Ikeda, S., Takeuchi, T., Crouse, P., "An Investigative Study on Horizontal Well and Extended Reach Technologies with Reported Problem Areas and Operational Practice in North America and Europe, IADC/SPE 35054, New Orleans, March, 1996.

The case for not cementing casing

The goal of obtaining complete cement coverage in cementing casing-in-casing is so difficult that operators need to consider whether annuli should be left unfilled. The case was made by Thomas O'Brien of O'Brien Goins Simpson at the IADC/SPE Drilling Conference in March.

Most drillers believe this type of cementing is most reliable and improves the burst rating, but that is not the case, and failures often have major consequences. The problems are as follows:

  • Large temperature changes create longitudinal expansion and contraction, resulting in loading on well foundations and other types of failure-inducing problems.

  • Gaps near the top of the casing are filled from the top, but cementers cannot determine the size of the fill volume or whether, uniformity of the fill, and whether channeling or air traps have been left.

  • Bond logs of tie-back casing show frequent lack of continuity in cementing and no means of pressure relief are available. Pressure is trapped, removing any benefit to burst strength.

  • Bending due to hole deviation in the outer string can be repeated through all the inner strings, and likewise, wear, also occurring at that point, affects the inner strings. With cement, pressure in this area cannot be relieved in the annulus, and may exist the outer casing string.

  • When weak points occur in a cemented inner casing, a tie-back string must be run to cover the weak areas. If the inner casing was uncemented, then it could be removed and replaced.

  • When well pressures are higher than planned, lower-rated burst casing strings can be replaced with those of higher strengths, if the string has not be cemented.

  • It is more difficult to cement in liners than casing, and liner overlap leaks are common.

  • Cement prohibits expansion of casing strings, particularly the outer string. Changes in temperature result in higher pressures than if the casing were not cement-constrained.

Until complete cement coverage of annuli is more certain, O'Brien recommends leaving annuli open in some cases, thereby retaining the option of replacement of worn sections and eliminating trapped pressure.

Maintaining a gauge borehole

Right behind rock bit bearing longevity and rate of penetration in terms of importance for drill bit manufacturers comes maintaining a gauge hole. A gauge hole is important for bit clearance during tripping as well as casing installation. Increasingly, drillers are casing hole with smaller annulus space, making gauge a crucial issue.

Roller reamers in the drillstring provide gauge assurance above the drill bit, but they represent moving parts in the borehole that can wear and tear away. To keep the reamers intact and working, equipment developers have built more reliability into the reamer bearings as well as the locks that keep them in place.
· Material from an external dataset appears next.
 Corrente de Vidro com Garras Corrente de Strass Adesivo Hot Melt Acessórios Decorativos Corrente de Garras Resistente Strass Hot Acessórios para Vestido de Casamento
Great strides have been made in both areas, but many drillers are reticent about putting more moving parts in the borehole.

In order to provide a gauge borehole that will readily accept a casing string, manufacturers are paying more attention to providing a smooth gauge wall behind the drill bit. Roller cone bits, used to drill most very hard formations, often leave an irregular wall behind. The gauge row of teeth on the cones produce a sliding and scraping action, rather than the crushing and chipping action.

The bit design process is now focusing on the shape and makeup of gauge and heel row bit tooth inserts, including the addition of trimming elements, as well as the spacing of row teeth to obtain maximum penetration of medium to hard formations.